La propaganda neoliberal difunde las mismas consignas en todo el planeta, una de ellas dice que las empresas no sobrevivirán por su buena gestión, sino por su tamaño, de manera que el discurso favorable a las fusiones, aliado con el miedo a la desaparición de los gestores de empresas pequeñas y medianas, acaba encontrando partidarios entre los dirigentes de las grandes empresas y también de muchas de las medianas. La inmensa mayoría de los trabajadores de Portland General Electric Company jamás habían oído hablar de Enron, pero nada de eso importaba. Al comprar la empresa eléctrica, Enron poseía legalmente todas las acciones y toda la libertad para diseñar la nueva estrategia de mercado. Los trabajadores de PGE pensaron que ganarían dinero si adquirían acciones de Enron, una empresa considerada por todo el sistema como modélica, de manera que muchos de ellos compraron todo lo que pudieron, incluyendo la operación del traslado de su plan de pensiones al gigante energético. Este tipo de operaciones son posibles en la economía financiera por la falta de control y de normativa regulatoria que podría evitar fraudes de este tipo. Cierto es que estos movimientos, como antes comentaba, estaban respaldados por la opinión favorable de la mayor parte de los analistas de Wall Street, que confiaban en los informes proporcionados por la auditora Arthur Andersen y por los propios directivos de Enron, que llevaban a cabo de forma permanente una extraordinaria operación de propaganda. De hecho, la presión de los directivos de Enron hacia los analistas era tan fuerte que John Olson, uno de los principales analistas de Merrill Lynch fue despedido de su empresa cuando en esta auditora recibieron indicaciones bastante explícitas de parte de Andrew Fastow, director de finanzas de Enron: “O buscas a alguien que esté con nosotros y recomiende la compra o dejamos de hacer negocios contigo”. Merrill Lynch expulsó a John Olson y Enron la recompensó con dos negocios de inversión de 50 millones de dólares. Posteriormente, examinando los correos internos de Merrill Lynch se supo que analistas de la empresa comentaban en tono burlesco que el valor real de las acciones de Enron que ellos mismos recomendaban a los inversores, entre los cuales también había pequeños ahorradores, era prácticamente nulo.

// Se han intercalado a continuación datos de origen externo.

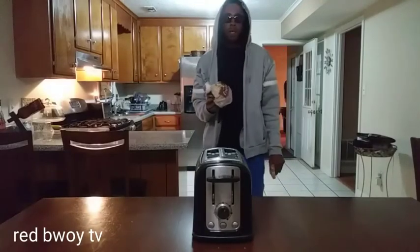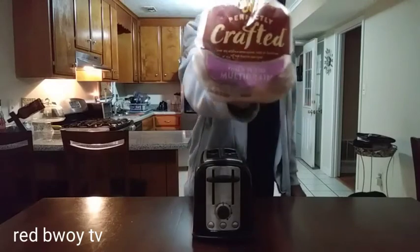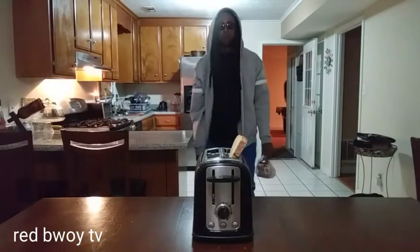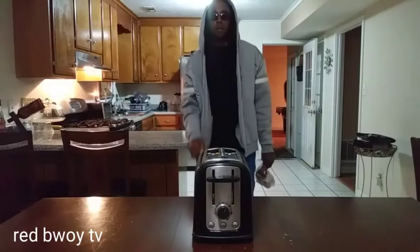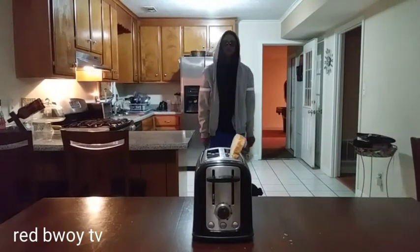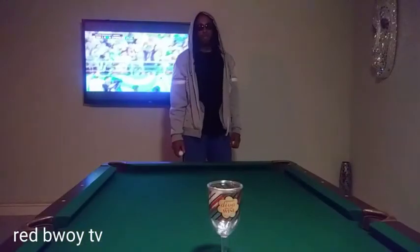Next one: bread in a toaster. Let me back up a little bit further. There we go — you look good!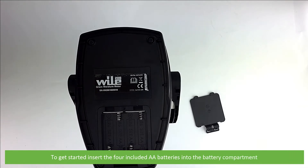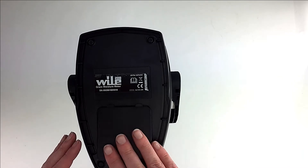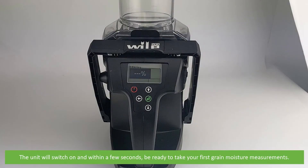To get started, insert the four included double A batteries into the battery compartment. Press the power button to switch the unit on. The unit will switch on and within a few seconds it will be ready to take your first grain moisture measurements.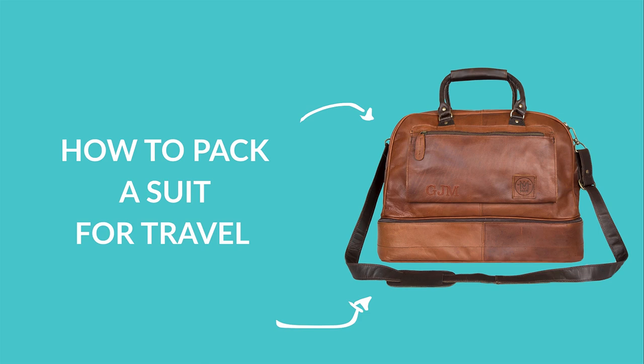Hi guys, so for this tutorial I'm going to show you briefly how to pack a suit for travelling. You should bear in mind that it's going to be unlikely that you'll get the same results folding a suit as you would from putting it in a suit carrier, but the way I'm going to show you today should hopefully help keep your suit in shape and reduce the wrinkles you might get from travelling.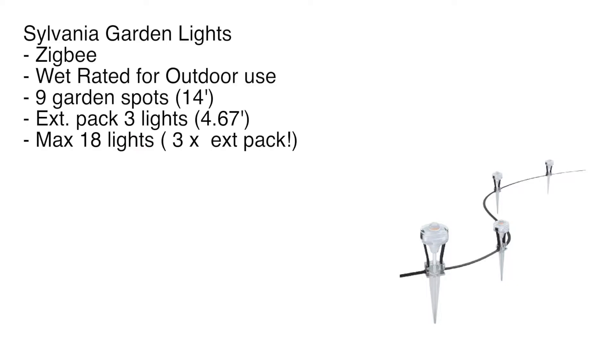This is a Zigbee light and it is wet rated for outdoor use — exactly what it sounds like, you're going to put it in the garden. The default package comes with nine garden spots for 14 feet. You can get an extension pack of three lights, which is another about four and a half feet, and you can get a maximum of three extension packs for 18 lights total, which is a pretty big space.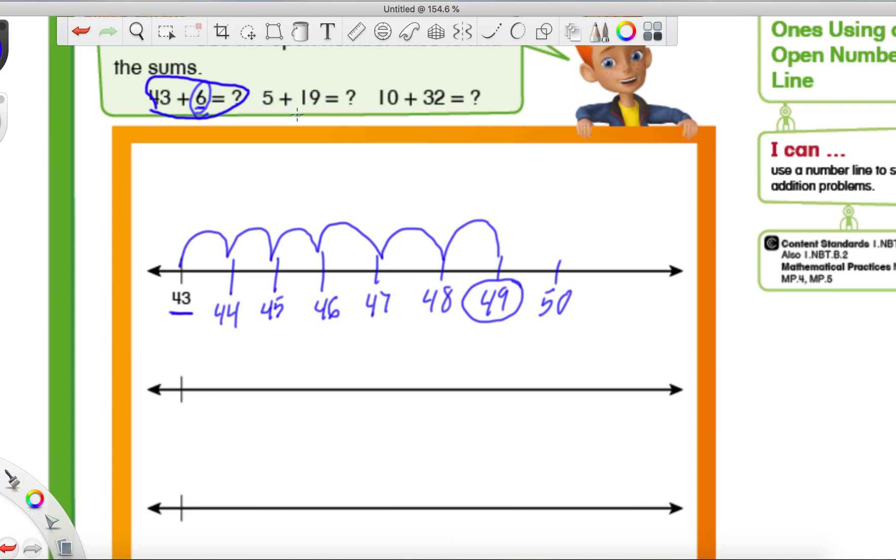For the next one, we have to figure out which number to start with on our own — they didn't give us one to start with. Our next problem is 5 plus 19. Which number should we start with — the tiny little 5 or the big 19? It's going to be that big 19.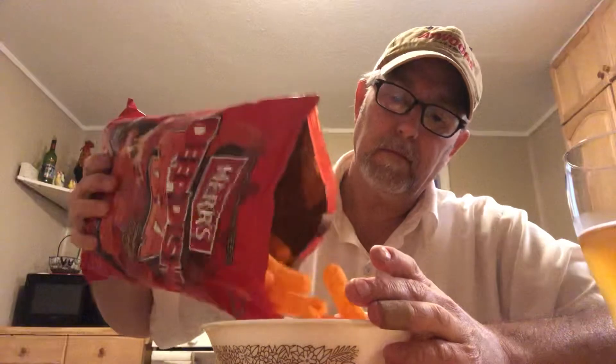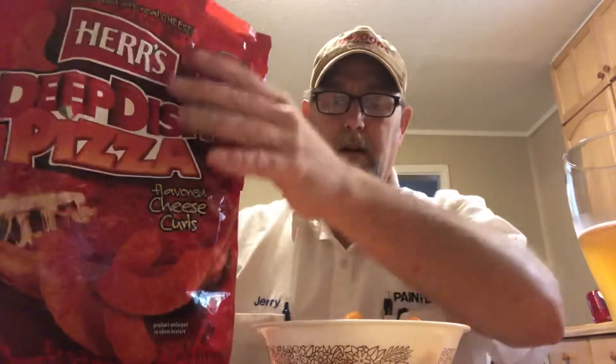Not a bad amount in there — looks about right. They have these little specks in there, probably some kind of spices. They look very cheesy, quality looking curls. I'm getting cheddar cheese and romano cheese on the nose, along with a pizza sauce kind of aroma and a little bit of garlic. Smells good — let's see what we've got.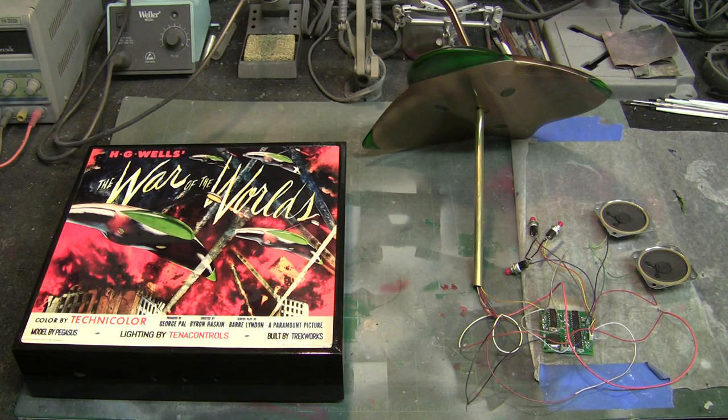Hello again everybody and welcome back to Trek Works. I've got something really unique to show you guys today, and it's something that a lot of you have asked about over the past couple of months — that's how I mount one of these models onto one of these bases. We're going to take you through that today.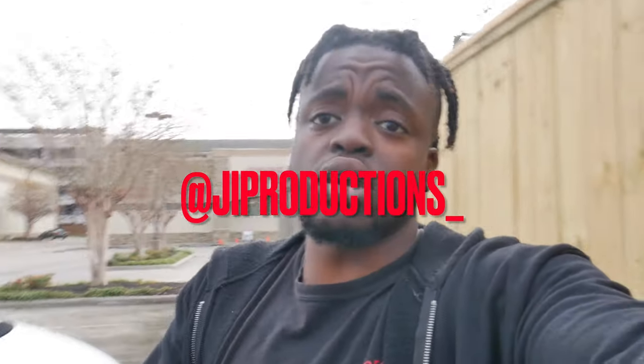Welcome back to another episode of JI Productions. In today's video, as you can see by the title and thumbnail, we're going to be fixing something that Chevy just didn't do on this car, and I'm really upset about it.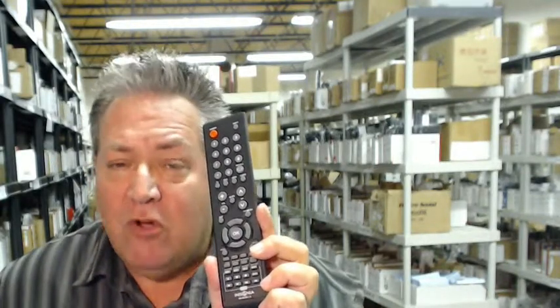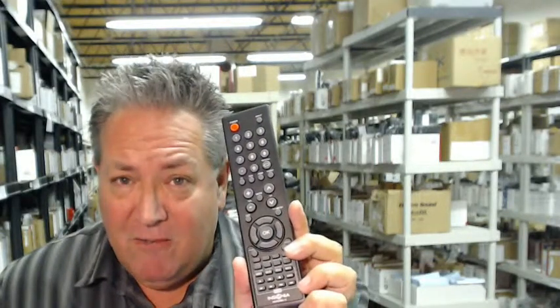So folks, once again, go below the video, click on the link, order the remote and have it shipped out right away, or call the 800 number you see on the screen to speak with a friendly and knowledgeable operator. Thanks so much for shopping with electronicadventure.com.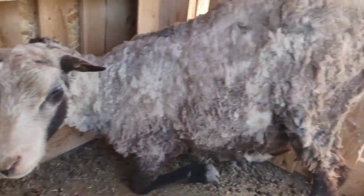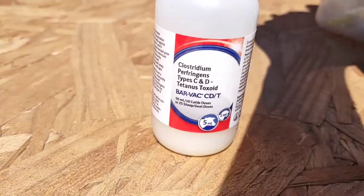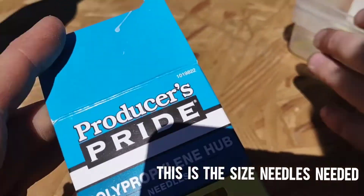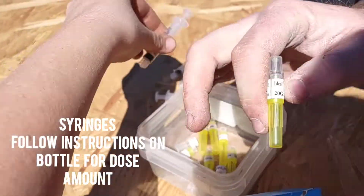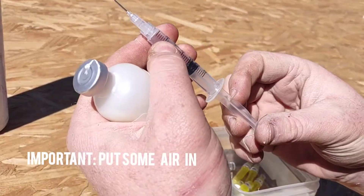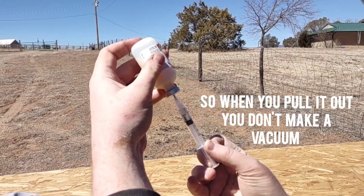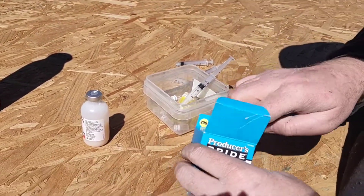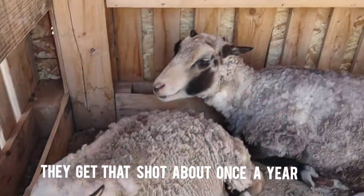Good job buddy. Now this is the bottle we're using for it, and these are 20-gauge half-inch needles — they've got a really short needle. We just have these syringes and you follow the instructions for how much. It's pretty simple. You put some air in so that when you pull it out it doesn't leak back on you. Make sure that you don't go through the skin on the other side, and they just get that shot about once a year.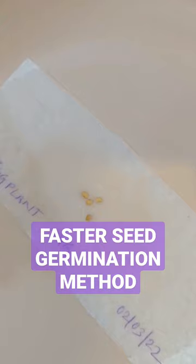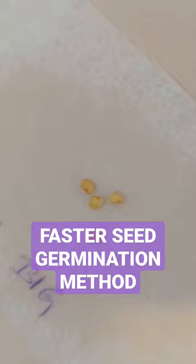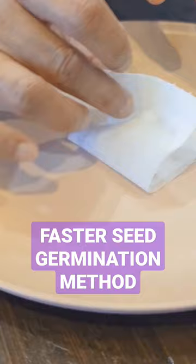Once our seeds are on the wet paper towel, we wrap the paper towel sides in and put it inside the plastic box. Any plastic box or ziplock can be used for this method.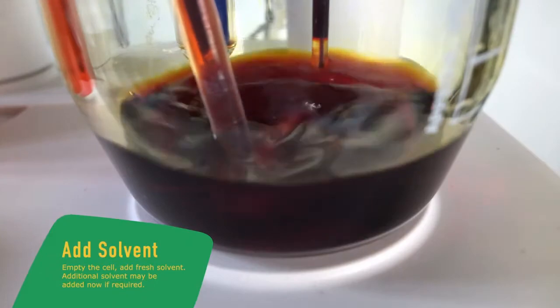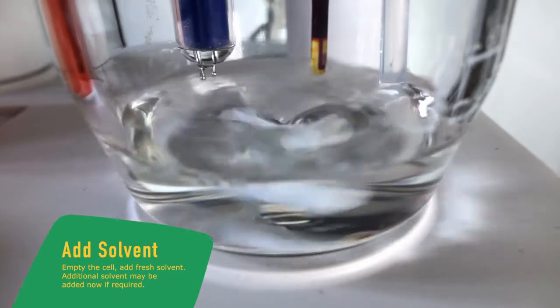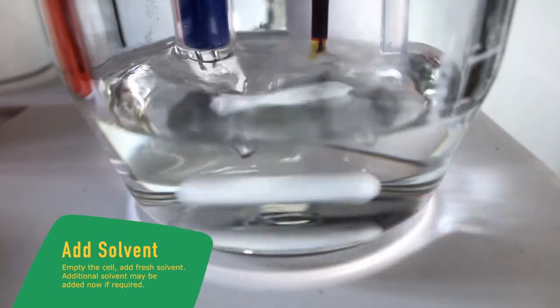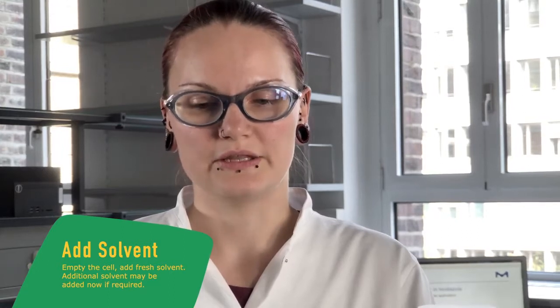Now we empty the cell and add fresh solvent. If additional solvent is needed for the determination, add it now and then perform the pre-titration in the solvent mixture.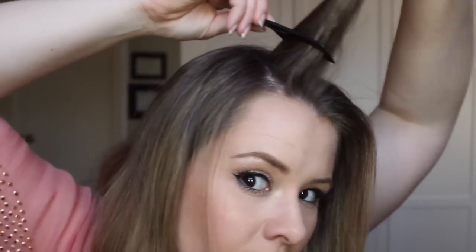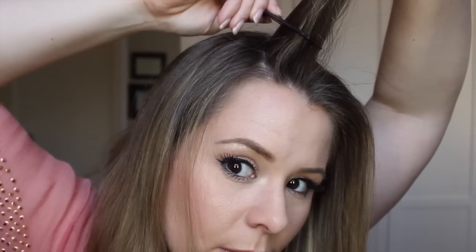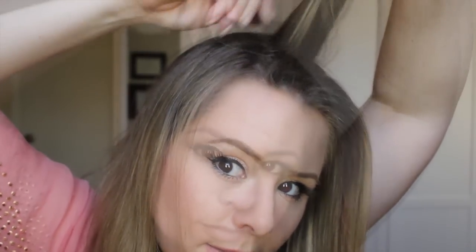I'm going to take this other side so you can see it a little more clearly. I'll spray my root boost spray and then take my comb, going only about an inch to an inch and a half up from my scalp, and just backcomb there.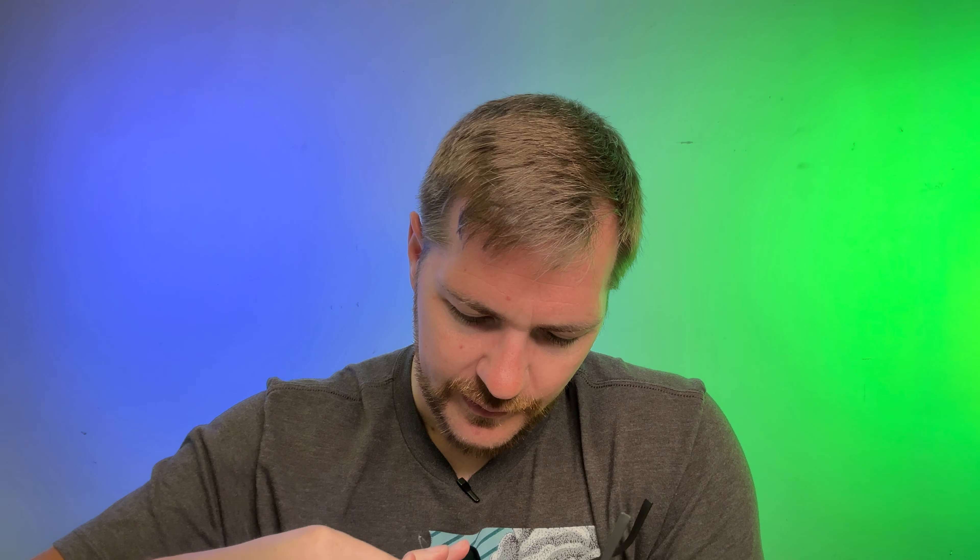Hello everyone, onto the epitome of everything I hate in one pair of sunglasses. That's a great way to start this review, isn't it? This is the brand new One Way, and it's not a name I'm going to sit here and struggle with for an hour because it's super simple. Let's dive in and have some fun with a look at the brand new One Way from Maui Jim.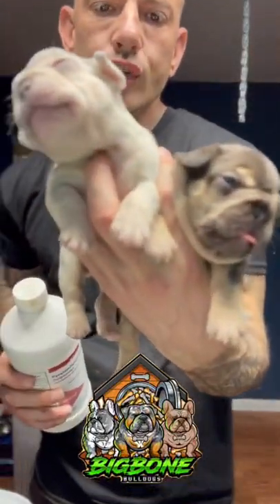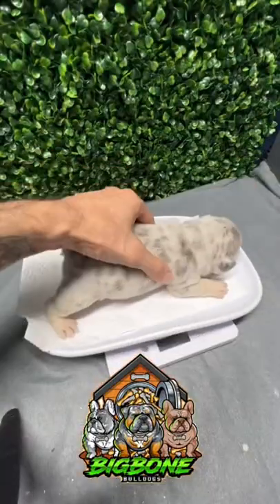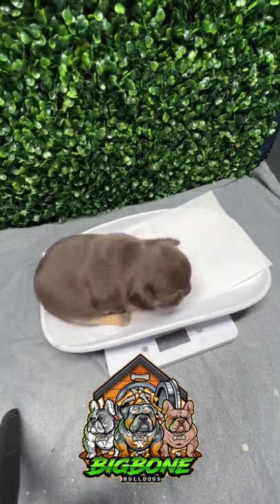I'm going to show you how I de-worm my puppies at two weeks with pyrantel. First, you're going to weigh your puppies. You should already be doing this every day anyways.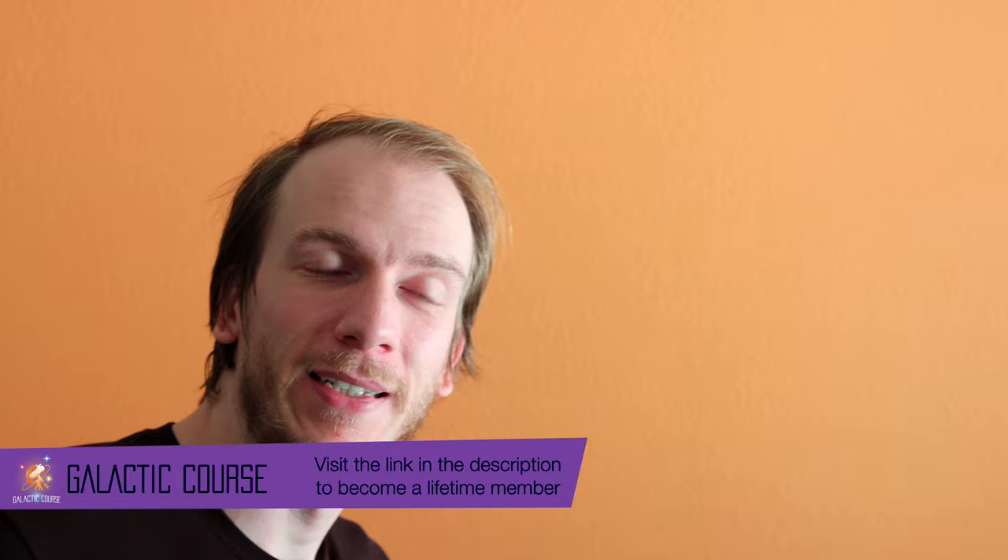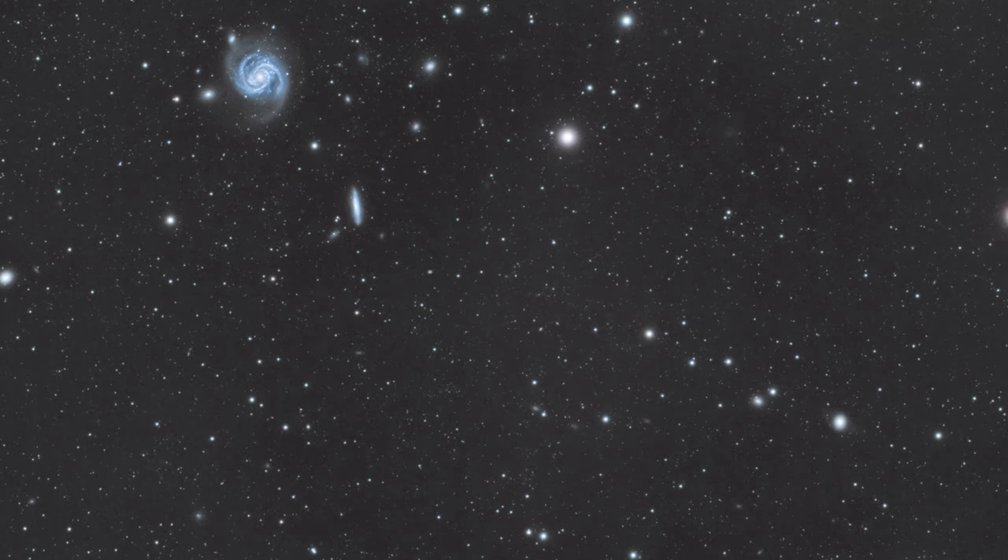If you're building a rig specifically for imaging galaxies and wondering whether to go with a cropped sensor camera or a full frame camera, go with the cropped sensor camera. The main advantage is linked to the first tip: with a full frame camera you will have a much larger field of view, which is not really needed for galaxies. With a cropped sensor camera, your view will be narrower and you will have much less black, useless space around the target.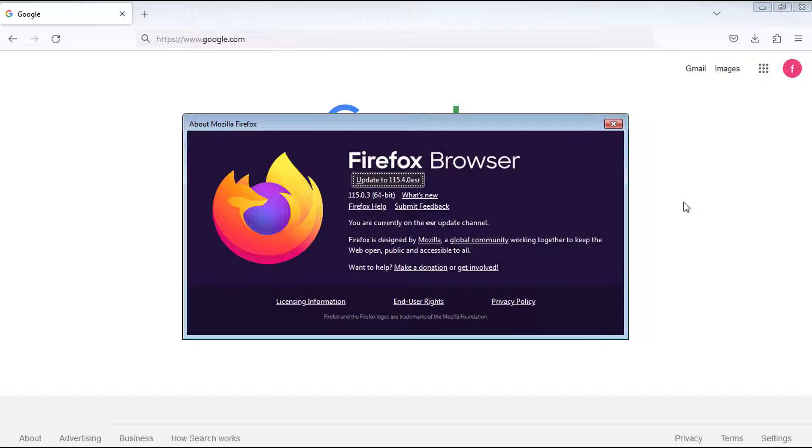Firefox will check for a new update. If your Firefox is outdated, click on Update. Firefox will begin downloading the update. After that, click on Restart to update Firefox.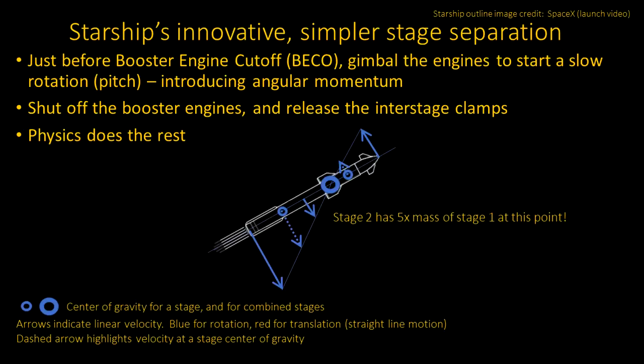Any rotation of an object in free space will be rotating around the center of mass of that object. In this case, the center of mass is indicated by the larger circle. We also show the center of mass for the individual stages with smaller circles. At this point, most of the propellant in the booster is gone — that's most of the weight of the stage — so the upper stage has five times the mass of stage one at this point. The center of mass of the combined rocket is on a line between the stage centers of mass.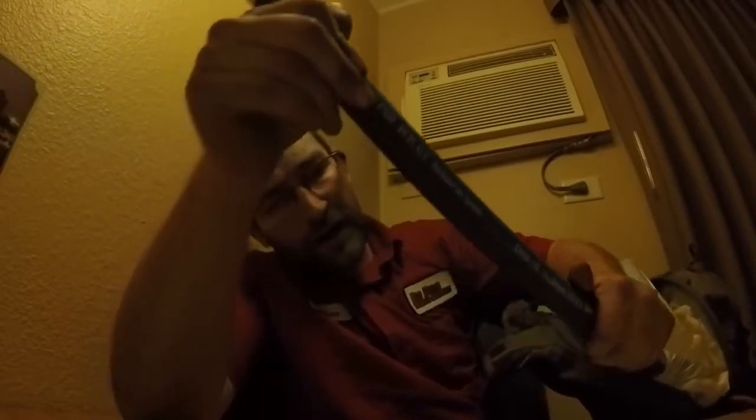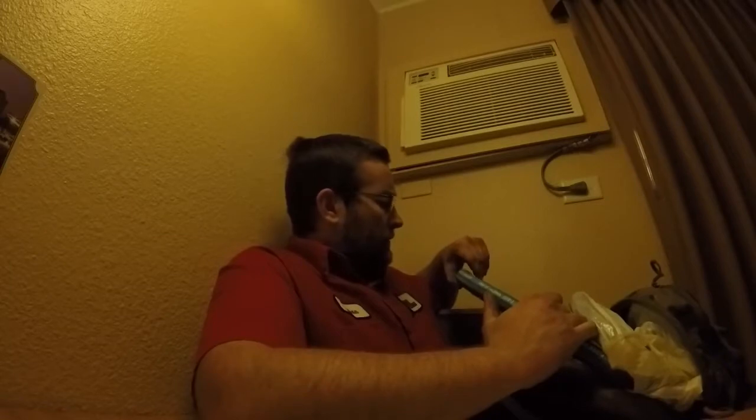Here's the one-inch hose I got. It's got this fabric on the outside, says 'Air Brake, Made in USA, DOT.' It's basically made for the air brakes on a truck.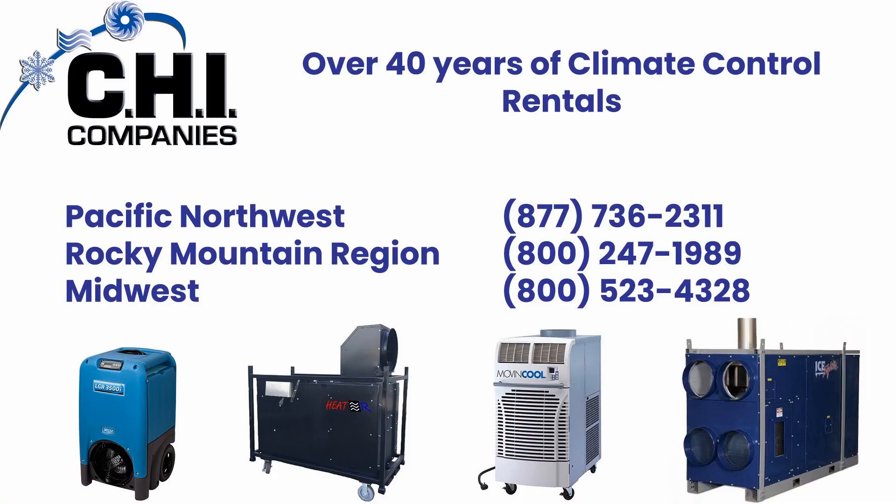Thank you for taking the time to properly and safely set up this piece of equipment. If you have any questions 24 hours a day, please contact one of the following service locations.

Hay que recordar que el valor de las acciones de Enron sufrió una brutal caída desde los 82 dólares a menos de un dólar. Aunque las acciones de Enron no dejaban de subir en la bolsa, la compañía no paraba de perder dinero en la realidad. Fue entonces cuando el presidente, Jeffrey Skilling, decidió entrar en el mercado de banda ancha. Corría el año 2000 cuando la empresa se asoció con Blockbuster para vender películas a través de Internet en lo que resultó ser una operación ruinosa, pese a ser publicitada a través de los medios de comunicación como un movimiento vanguardista y genial. Esta operación captó de inmediato la atención de los analistas de Wall Street, que comenzaron a recomendar la compra de acciones de Enron. Las participaciones de la compañía se dispararon hasta alcanzar una subida de un 34% en tan solo dos días. Desde Enron, se aseguraba que la tecnología que se necesitaba para proporcionar las películas de Blockbuster estaría lista a finales del año 2000, pero lo cierto es que existían problemas tecnológicos de alcance que impedían llevar adelante el proyecto, de manera que el negocio se desmoronó. Gracias al artificio del sistema creado a medida de Enron, el Sistema de Valoración de Inversiones a Precios de Mercado, la compañía pudo frenar el temporal utilizando las proyecciones futuras con el fin de reservar 53 millones de dólares en concepto de ingresos para contabilizar en un negocio que no generó un solo dólar de beneficio para la compañía. Pero a finales del año 2000, la desesperación cundió entre los directivos de Enron, que sabían que la quiebra de la empresa era solo cuestión de meses. Muchos de ellos, conscientes de que no podían ocultar el fracaso de la operación con Blockbuster durante más tiempo, comenzaron a vender acciones. Kenneth Lay, fundador de la compañía, ganó 300 millones de dólares con la venta de sus participaciones; Clifford Buxter, vicepresidente de Enron ganó 35 millones; y Jeffrey Skilling, presidente de la empresa, ganó 200 millones.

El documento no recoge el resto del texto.